Nonetheless, industry watchers say celebrity influence on the tech scene isn’t just a fad. The trend has become so prevalent that next month’s Dealmaker LA event, a local series on tech topics, is called “Celebrity-driven business: How to not end up on the D list.”

“Celebrities are no longer newcomers to the technology space,” the event description says. “How do you build a business around a celebrity-based industry, or appeal to star power to help sell your goods?”

When Alba wanted to create a line of eco-friendly baby products, the actress didn’t call up Babies R Us or Pampers — she reached out to ShoeDazzle’s Lee. To launch e-commerce company Honest, based in Santa Monica, Alba invested her own money and spent two years designing diapers, shampoo, laundry detergent, body lotion and other nontoxic products.

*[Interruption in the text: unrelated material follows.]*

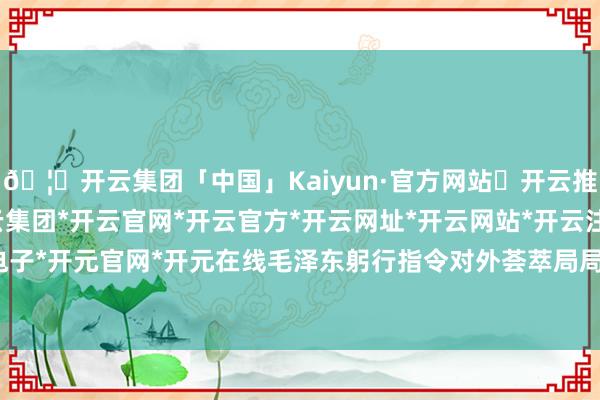 🦄开云集团「中国」Kaiyun·官方网站✅开云推荐✅我们为您提供:开云集团*开云官网*开云官方*开云网址*开云网站*开云注册*开云开户*开云电子*开元官网*开元在线毛泽东躬行指令对外荟萃局局长李克农-开云集团「中国」Kaiyun·官方网站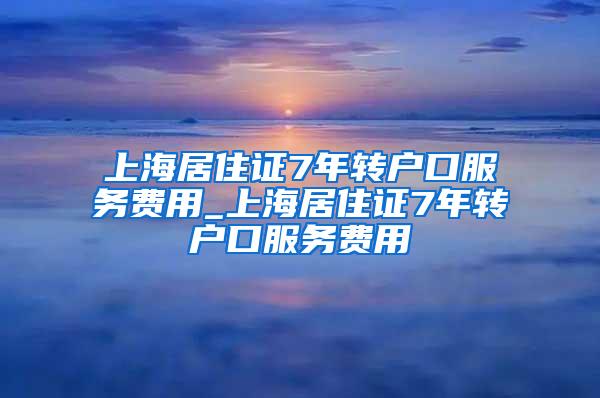 上海居住证7年转户口服务费用_上海居住证7年转户口服务费用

“Anything’s possible through tech and through the Internet, whereas when it comes to traditional retail and distribution ... I think all of those avenues have been exhausted,” she said. “I feel that it’s really difficult to penetrate versus when it’s in new media.”

The business venture is also giving Alba some street cred.

“I’m definitely a geek. The fact that ‘tech’ is in front of it I think legitimizes my geekiness in a whole new way,” she said. “It’s not just like dance-parties-in-my-living-room-geek anymore.”